What needs to be done: The listing below is to be copied in full, line by line.

####

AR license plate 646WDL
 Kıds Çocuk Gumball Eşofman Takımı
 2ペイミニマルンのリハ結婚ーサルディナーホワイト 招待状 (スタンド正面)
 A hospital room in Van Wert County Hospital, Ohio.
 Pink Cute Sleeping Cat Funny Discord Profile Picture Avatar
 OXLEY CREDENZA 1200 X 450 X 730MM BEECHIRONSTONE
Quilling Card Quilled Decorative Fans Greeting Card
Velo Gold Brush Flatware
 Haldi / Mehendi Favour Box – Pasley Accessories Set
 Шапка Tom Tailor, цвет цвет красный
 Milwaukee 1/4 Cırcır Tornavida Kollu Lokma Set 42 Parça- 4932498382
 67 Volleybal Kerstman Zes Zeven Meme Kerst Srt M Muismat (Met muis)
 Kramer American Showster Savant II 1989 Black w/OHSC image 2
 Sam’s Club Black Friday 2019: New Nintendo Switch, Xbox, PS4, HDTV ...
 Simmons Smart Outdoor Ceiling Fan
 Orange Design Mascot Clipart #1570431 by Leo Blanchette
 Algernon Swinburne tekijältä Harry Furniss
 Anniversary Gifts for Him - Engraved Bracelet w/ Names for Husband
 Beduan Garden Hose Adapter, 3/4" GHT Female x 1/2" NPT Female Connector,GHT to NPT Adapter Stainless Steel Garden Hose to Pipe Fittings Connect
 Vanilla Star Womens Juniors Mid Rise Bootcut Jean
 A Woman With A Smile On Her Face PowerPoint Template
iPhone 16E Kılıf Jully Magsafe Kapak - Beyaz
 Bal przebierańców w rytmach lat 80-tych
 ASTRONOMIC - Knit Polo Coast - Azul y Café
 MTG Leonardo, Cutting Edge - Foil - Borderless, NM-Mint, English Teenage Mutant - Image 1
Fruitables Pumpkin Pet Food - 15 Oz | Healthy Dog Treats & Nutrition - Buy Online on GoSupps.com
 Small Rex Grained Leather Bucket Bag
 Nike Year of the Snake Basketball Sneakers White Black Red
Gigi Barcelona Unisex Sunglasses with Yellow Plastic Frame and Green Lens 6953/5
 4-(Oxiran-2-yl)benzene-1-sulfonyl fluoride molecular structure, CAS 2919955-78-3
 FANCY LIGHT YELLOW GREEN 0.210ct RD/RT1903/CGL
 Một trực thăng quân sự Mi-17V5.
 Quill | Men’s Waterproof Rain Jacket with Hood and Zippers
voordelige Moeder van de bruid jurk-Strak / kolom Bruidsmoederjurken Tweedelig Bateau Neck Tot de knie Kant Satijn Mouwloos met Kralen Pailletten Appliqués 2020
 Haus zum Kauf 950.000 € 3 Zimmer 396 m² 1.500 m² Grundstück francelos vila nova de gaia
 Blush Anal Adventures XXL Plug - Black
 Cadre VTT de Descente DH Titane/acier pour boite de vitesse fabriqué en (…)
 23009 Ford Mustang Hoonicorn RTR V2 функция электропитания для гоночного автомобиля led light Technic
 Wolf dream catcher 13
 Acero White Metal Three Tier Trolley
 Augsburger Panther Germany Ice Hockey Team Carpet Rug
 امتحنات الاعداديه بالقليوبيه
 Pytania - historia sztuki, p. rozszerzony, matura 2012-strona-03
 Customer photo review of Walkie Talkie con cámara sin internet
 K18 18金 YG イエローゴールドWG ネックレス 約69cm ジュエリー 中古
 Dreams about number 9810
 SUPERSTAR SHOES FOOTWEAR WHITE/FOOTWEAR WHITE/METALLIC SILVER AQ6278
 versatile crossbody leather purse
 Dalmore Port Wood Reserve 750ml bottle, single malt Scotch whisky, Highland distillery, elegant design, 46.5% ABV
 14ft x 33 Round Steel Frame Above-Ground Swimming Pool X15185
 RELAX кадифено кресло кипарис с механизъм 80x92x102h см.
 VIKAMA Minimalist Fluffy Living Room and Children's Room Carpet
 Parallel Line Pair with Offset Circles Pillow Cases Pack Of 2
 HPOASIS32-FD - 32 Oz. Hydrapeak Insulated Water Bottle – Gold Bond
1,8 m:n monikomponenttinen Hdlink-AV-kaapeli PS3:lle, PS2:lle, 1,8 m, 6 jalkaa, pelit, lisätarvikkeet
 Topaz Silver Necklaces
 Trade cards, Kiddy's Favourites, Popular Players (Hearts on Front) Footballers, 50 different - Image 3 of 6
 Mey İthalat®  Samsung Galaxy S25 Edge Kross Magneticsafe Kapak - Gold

####

Output of the task:
AR license plate 646WDL
 Kıds Çocuk Gumball Eşofman Takımı
 2ペイミニマルンのリハ結婚ーサルディナーホワイト 招待状 (スタンド正面)
 A hospital room in Van Wert County Hospital, Ohio.
 Pink Cute Sleeping Cat Funny Discord Profile Picture Avatar
 OXLEY CREDENZA 1200 X 450 X 730MM BEECHIRONSTONE
Quilling Card Quilled Decorative Fans Greeting Card
Velo Gold Brush Flatware
 Haldi / Mehendi Favour Box – Pasley Accessories Set
 Шапка Tom Tailor, цвет цвет красный
 Milwaukee 1/4 Cırcır Tornavida Kollu Lokma Set 42 Parça- 4932498382
 67 Volleybal Kerstman Zes Zeven Meme Kerst Srt M Muismat (Met muis)
 Kramer American Showster Savant II 1989 Black w/OHSC image 2
 Sam’s Club Black Friday 2019: New Nintendo Switch, Xbox, PS4, HDTV ...
 Simmons Smart Outdoor Ceiling Fan
 Orange Design Mascot Clipart #1570431 by Leo Blanchette
 Algernon Swinburne tekijältä Harry Furniss
 Anniversary Gifts for Him - Engraved Bracelet w/ Names for Husband
 Beduan Garden Hose Adapter, 3/4" GHT Female x 1/2" NPT Female Connector,GHT to NPT Adapter Stainless Steel Garden Hose to Pipe Fittings Connect
 Vanilla Star Womens Juniors Mid Rise Bootcut Jean
 A Woman With A Smile On Her Face PowerPoint Template
iPhone 16E Kılıf Jully Magsafe Kapak - Beyaz
 Bal przebierańców w rytmach lat 80-tych
 ASTRONOMIC - Knit Polo Coast - Azul y Café
 MTG Leonardo, Cutting Edge - Foil - Borderless, NM-Mint, English Teenage Mutant - Image 1
Fruitables Pumpkin Pet Food - 15 Oz | Healthy Dog Treats & Nutrition - Buy Online on GoSupps.com
 Small Rex Grained Leather Bucket Bag
 Nike Year of the Snake Basketball Sneakers White Black Red
Gigi Barcelona Unisex Sunglasses with Yellow Plastic Frame and Green Lens 6953/5
 4-(Oxiran-2-yl)benzene-1-sulfonyl fluoride molecular structure, CAS 2919955-78-3
 FANCY LIGHT YELLOW GREEN 0.210ct RD/RT1903/CGL
 Một trực thăng quân sự Mi-17V5.
 Quill | Men’s Waterproof Rain Jacket with Hood and Zippers
voordelige Moeder van de bruid jurk-Strak / kolom Bruidsmoederjurken Tweedelig Bateau Neck Tot de knie Kant Satijn Mouwloos met Kralen Pailletten Appliqués 2020
 Haus zum Kauf 950.000 € 3 Zimmer 396 m² 1.500 m² Grundstück francelos vila nova de gaia
 Blush Anal Adventures XXL Plug - Black
 Cadre VTT de Descente DH Titane/acier pour boite de vitesse fabriqué en (…)
 23009 Ford Mustang Hoonicorn RTR V2 функция электропитания для гоночного автомобиля led light Technic
 Wolf dream catcher 13
 Acero White Metal Three Tier Trolley
 Augsburger Panther Germany Ice Hockey Team Carpet Rug
 امتحنات الاعداديه بالقليوبيه
 Pytania - historia sztuki, p. rozszerzony, matura 2012-strona-03
 Customer photo review of Walkie Talkie con cámara sin internet
 K18 18金 YG イエローゴールドWG ネックレス 約69cm ジュエリー 中古
 Dreams about number 9810
 SUPERSTAR SHOES FOOTWEAR WHITE/FOOTWEAR WHITE/METALLIC SILVER AQ6278
 versatile crossbody leather purse
 Dalmore Port Wood Reserve 750ml bottle, single malt Scotch whisky, Highland distillery, elegant design, 46.5% ABV
 14ft x 33 Round Steel Frame Above-Ground Swimming Pool X15185
 RELAX кадифено кресло кипарис с механизъм 80x92x102h см.
 VIKAMA Minimalist Fluffy Living Room and Children's Room Carpet
 Parallel Line Pair with Offset Circles Pillow Cases Pack Of 2
 HPOASIS32-FD - 32 Oz. Hydrapeak Insulated Water Bottle – Gold Bond
1,8 m:n monikomponenttinen Hdlink-AV-kaapeli PS3:lle, PS2:lle, 1,8 m, 6 jalkaa, pelit, lisätarvikkeet
 Topaz Silver Necklaces
 Trade cards, Kiddy's Favourites, Popular Players (Hearts on Front) Footballers, 50 different - Image 3 of 6
 Mey İthalat®  Samsung Galaxy S25 Edge Kross Magneticsafe Kapak - Gold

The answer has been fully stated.